Roles: Scaling Up Your Playbooks - Ansible: Up and Running (2015)

Ansible: Up and Running (2015)

Chapter 8. Roles: Scaling Up Your Playbooks

One of the things I like about Ansible is how it scales both up and down. I’m not referring to the number of hosts you’re managing, but rather the complexity of the jobs you’re trying to automate.

Ansible scales down well because simple tasks are easy to implement. It scales up well because it provides mechanisms for decomposing complex jobs into smaller pieces.

In Ansible, the role is the primary mechanism for breaking apart a playbook into multiple files. This simplifies writing complex playbooks, and it also makes them easier to reuse. Think of a role as something you assign to one or more hosts. For example, you’d assign a database role to the hosts that will act as database servers.

Basic Structure of a Role

An Ansible role has a name, such as “database.” Files associated with the database role go in the roles/database directory, which contains the following files and directories.

roles/database/tasks/main.yml

Tasks

roles/database/files/

Holds files to be uploaded to hosts

roles/database/templates/

Holds Jinja2 template files

roles/database/handlers/main.yml

Handlers

roles/database/vars/main.yml

Variables that shouldn’t be overridden

roles/database/defaults/main.yml

Default variables that can be overridden

roles/database/meta/main.yml

Dependency information about a role

Each individual file is optional; if your role doesn’t have any handlers, there’s no need to have an empty handlers/main.yml file.

WHERE DOES ANSIBLE LOOK FOR MY ROLES?

Ansible will look for roles in the roles directory alongside your . playbooks. It will also look for systemwide roles in /etc/ansible/roles. You can customize the system-wide location of roles by setting the roles_path setting in the defaults section of your ansible.cfg file, as shown in Example 8-1.

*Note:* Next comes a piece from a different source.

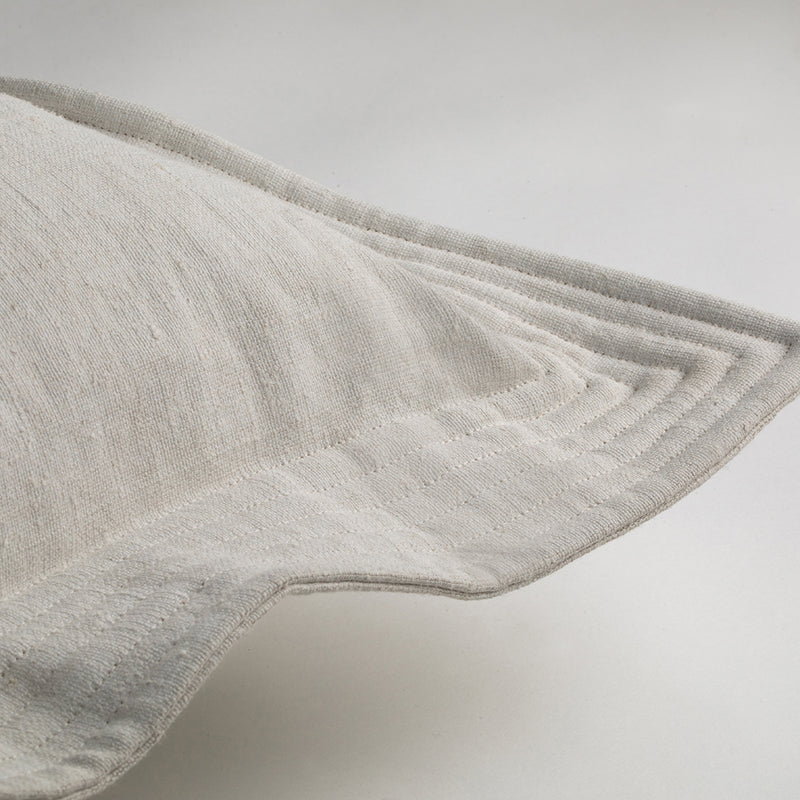 Vintage Cushion with Quilted Detail - Canvas §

EXAMPLE 8-1. ANSIBLE.CFG: OVERRIDING DEFAULT ROLES PATH

[defaults]

roles_path = ~/ansible_roles

You can also override this by setting the ANSIBLE_ROLES_PATH environment variable, as described in Appendix B.

Example: Database and Mezzanine Roles

Let’s take our Mezzanine playbook and implement it with Ansible roles. We could create a single role called “mezzanine,” but instead I’m going to break out the deployment of the Postgres database into a separate role called “database.” This will make it easier to eventually deploy the database on a host separate from the Mezzanine application.

Using Roles in Your Playbooks

Before we get into the details of how to define roles, let’s go over how to assign roles to hosts in a playbook.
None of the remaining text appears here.